→ REQUIRED ACTION:
In the data below, find the line containing "בית נופש Conte Mykonos Ii" and the line containing "9PC Engine Camshaft", then reproduce them and every line between, exactly. Omit pictures.

→ DATA IN THIS EXERCISE:
>>
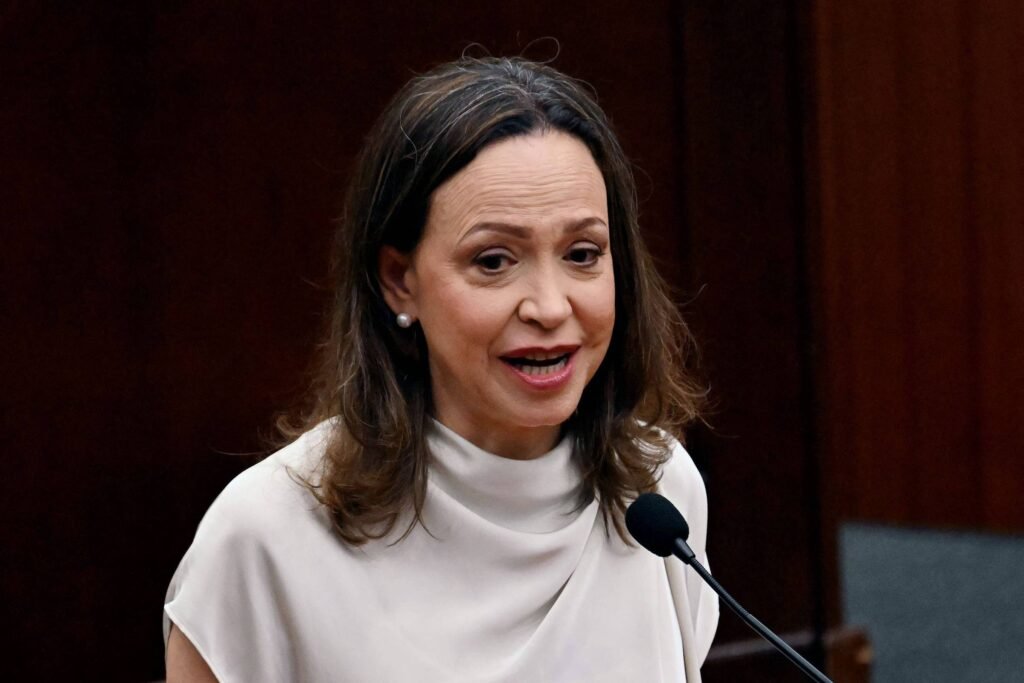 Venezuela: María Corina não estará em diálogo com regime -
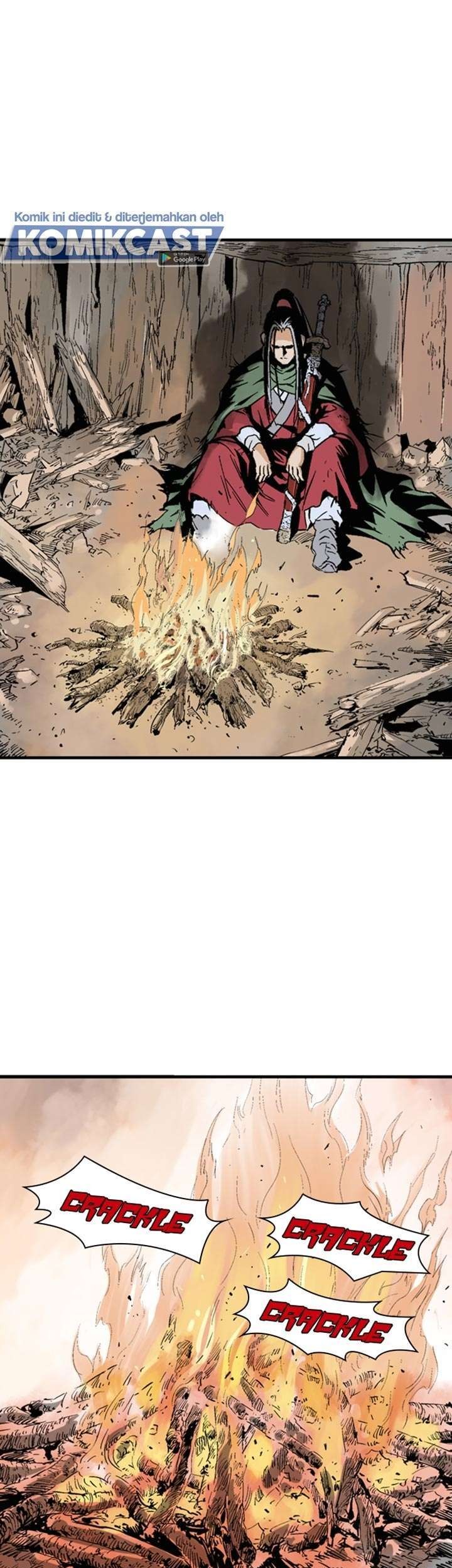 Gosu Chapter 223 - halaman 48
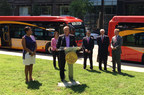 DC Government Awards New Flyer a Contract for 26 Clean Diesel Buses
<<
>>
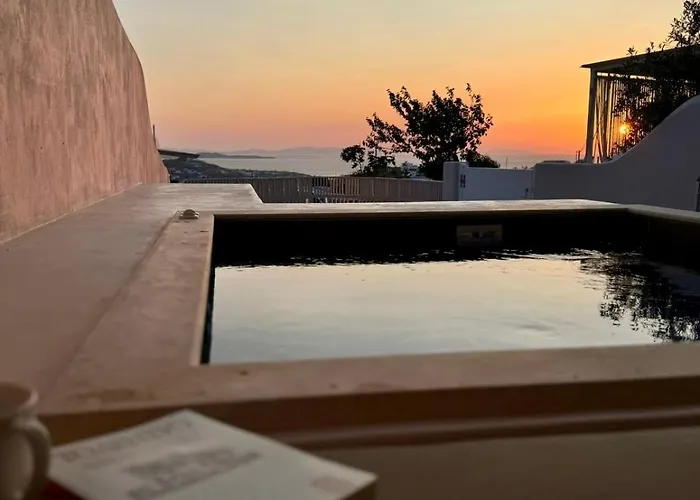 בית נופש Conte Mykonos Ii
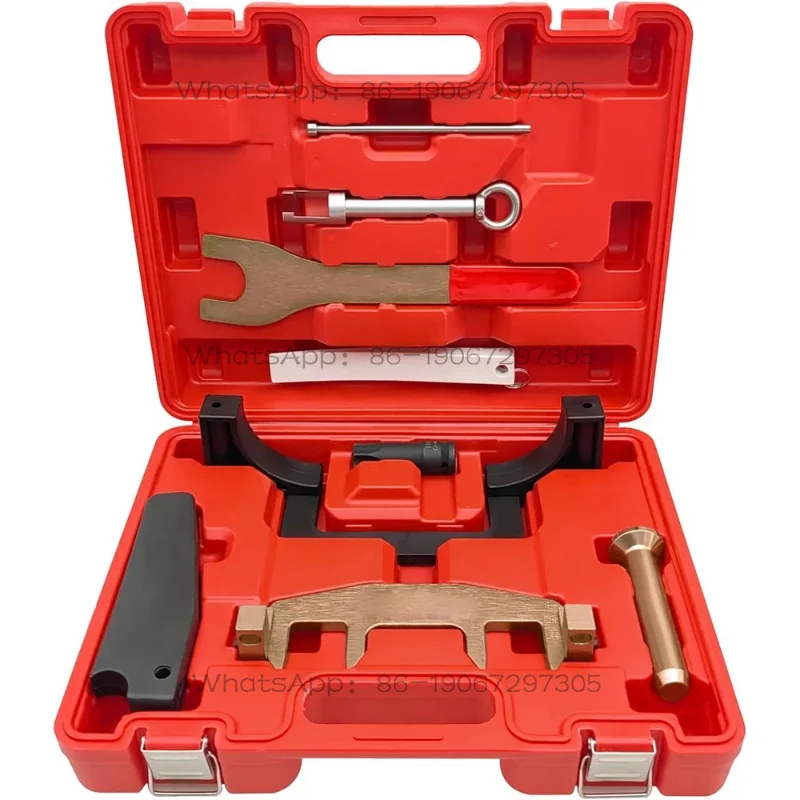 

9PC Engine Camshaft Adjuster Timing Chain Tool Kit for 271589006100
<<
→ SOLUTION FOR THIS TASK:
 בית נופש Conte Mykonos Ii

9PC Engine Camshaft Adjuster Timing Chain Tool Kit for 271589006100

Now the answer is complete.